Deux thèses s’affrontent parmi les partisans russophiles de la guerre américano-otanienne en Ukraine contre la Russie l’alliée conditionnelle de la superpuissance chinoise. Il y a la thèse des supporters inconditionnels de Vladimir Poutine qui proclament l’unité indéfectible des deux alliés asiatiques (Chine – Russie) qui, croient-ils fermement, gagnera cet affrontement. Il y a la thèse de ceux qui croient que la Russie s’est engagée seule dans le guêpier ukrainien. Selon eux, la Chine conserve une attitude modérée – quasi neutre – dans cette affaire et la puissance chinoise souhaiterait selon eux un match nul entre l’Ukraine et la Russie…autant dire une défaite de l’allié russe. Cette deuxième thèse origine du Washington Post et est reprise par quelques analystes russophiles dont Andrew Korybco dans l’article ci-dessous que nous allons analyser. Pour notre part nous croyons que la guerre en Ukraine s’inscrit en droite ligne dans la dynamique de la guerre multimodale, multiplateforme et totale que la superpuissance états-uniennes déclinante mène à la superpuissance chinoise « émergente ». Cette guerre géolocalisée en Europe ou se concentre l’essentiel des complices et des affidés des USA a pour but d’affaiblir le principal allié de la Chine, son fournisseur d’énergie et de matières premières, afin de compléter l’encerclement de la Chine et de préparer les conditions de la guerre pour Taïwan dans le Pacifique, là ou aura lieu l’affrontement final. La victoire de la Russie est vitale pour la survie de la « Sainte Russie » et indispensable pour l’Empire du milieu (Chine) dans ses préparatifs de guerre contre l’Alliance Atlantique-OTAN.

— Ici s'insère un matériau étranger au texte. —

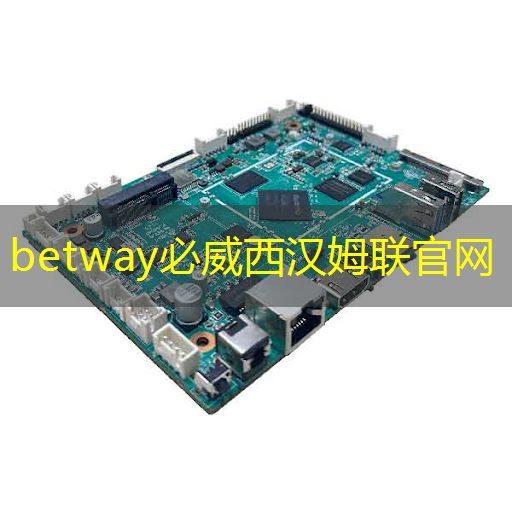 betway必威中国官方网站:速递|前谷歌员工创立的AI芯片MatX,比英伟达提高10倍,完成超3亿美元估值A轮融资 betway必威中国官方网站:速递|前谷歌员工创立的AI芯片MatX,比英伟达提高10倍,完成超3亿美元估值A轮融资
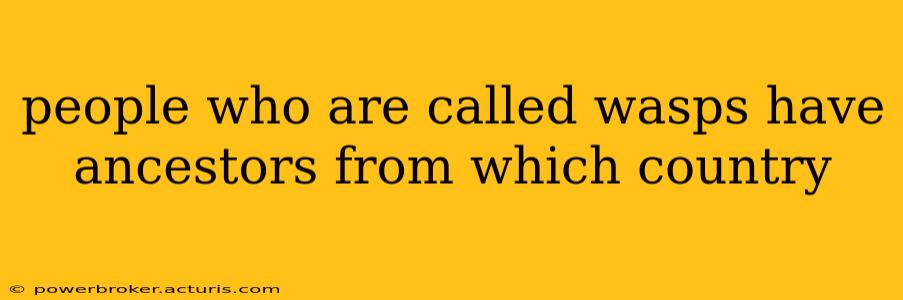 people who are called wasps have ancestors from which country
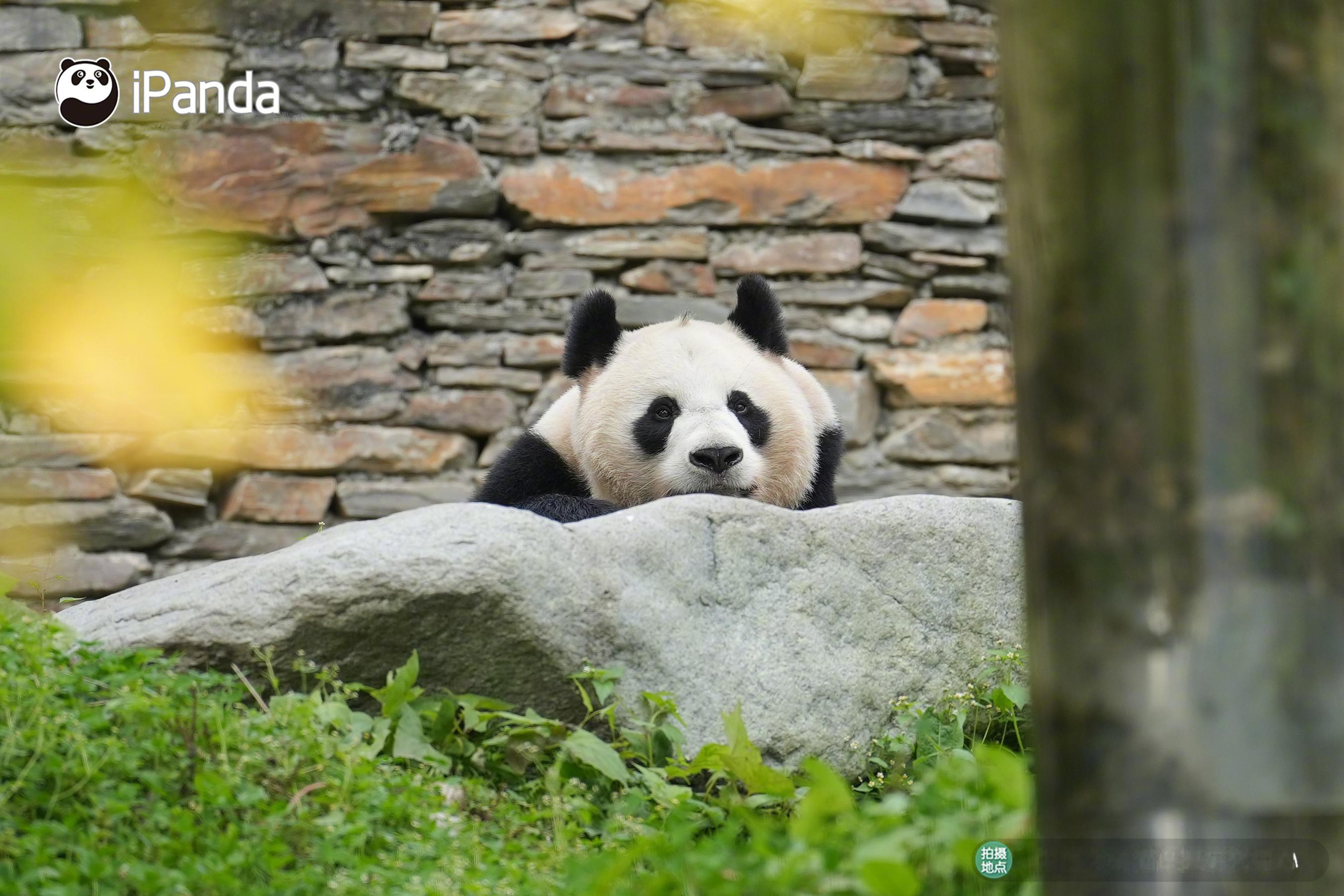 “洋葱头”🧅和秋景好配哦！  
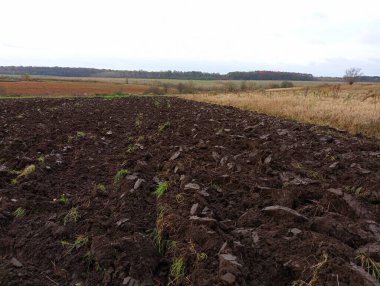 Plowed land in the field for the winter. Topics of agriculture and land preparation for winter. A beautiful landscape of a field on the horizon of which a forest is visible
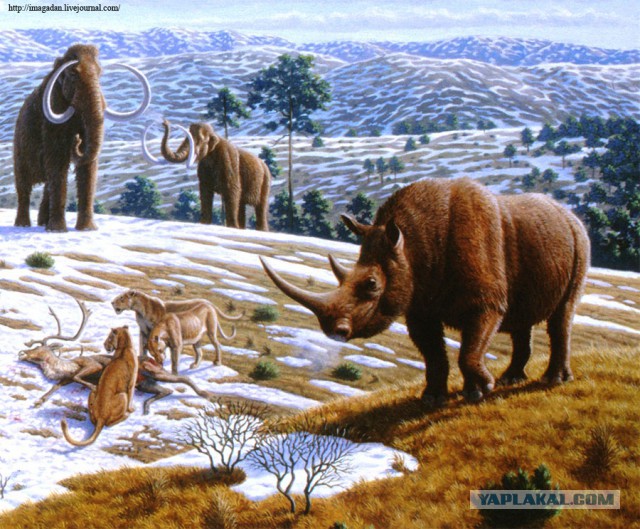 Перуанцы о русских. Три главных слова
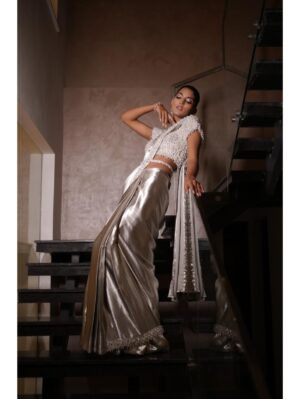 Mehul Gupta - Silver saree - Image 5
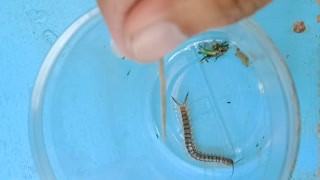 Vietnamese Centipede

Par Andrew Korybko – Le 2 février 2023. Sur Le Washington Post a tout faux : La Chine ne veut pas de gagnant en Ukraine | Le Saker Francophone

Le Washington Post a publié en début de semaine un article d’opinion de Max Boot déclarant que « Xi Jinping ne veut pas se retrouver du côté des perdants en Ukraine« . Il estime, à juste titre, que la République populaire pratique une politique équilibrée à l’égard du conflit ukrainien, dans laquelle elle ne soutient pas formellement l’un ou l’autre camp, mais il a tort de conclure que c’est parce qu’elle veut se retrouver du côté des vainqueurs. En réalité, la Chine ne souhaite la victoire de personne en Ukraine. (sic)

Les États-Unis ont d’abord cherché l’« endiguement » de la Russie plutôt que celui de la Chine parce qu’ils ont prédit, à tort, que Moscou capitulerait devant le chantage stratégique de Washington via l’Ukraine ou s’effondrerait rapidement en raison d’une guerre par procuration et de sanctions sans précédent si elle intervenait militairement pour défendre ses intérêts dans ce pays. Dans les deux cas, on s’attendait à ce que la Russie ne puisse pas servir de soupape de pression à la Chine dans le cadre de la campagne de pression maximale que le bloc occidental dirigé par les États-Unis préparait contre elle.

Cette série de résultats stratégiques majeurs aurait ainsi permis aux États-Unis de réaffirmer avec succès leur hégémonie unipolaire déclinante sur les relations internationales, retardant ainsi indéfiniment la transition systémique mondiale vers la multipolarité. Tout a cependant dérapé car la Russie ne s’est pas effondrée au cours de l’année écoulée comme l’avaient prévu les États-Unis. Au contraire, Kiev met en garde contre une nouvelle offensive majeure dans un avenir très proche et le New York Times (NYT) vient d’admettre que les sanctions ont échoué. (Il n’y a aucune « transition » vers la « multipolarité », concept forgé par la Chine pour excuser son irruption spontanée comme superpuissance sur la scène internationale… )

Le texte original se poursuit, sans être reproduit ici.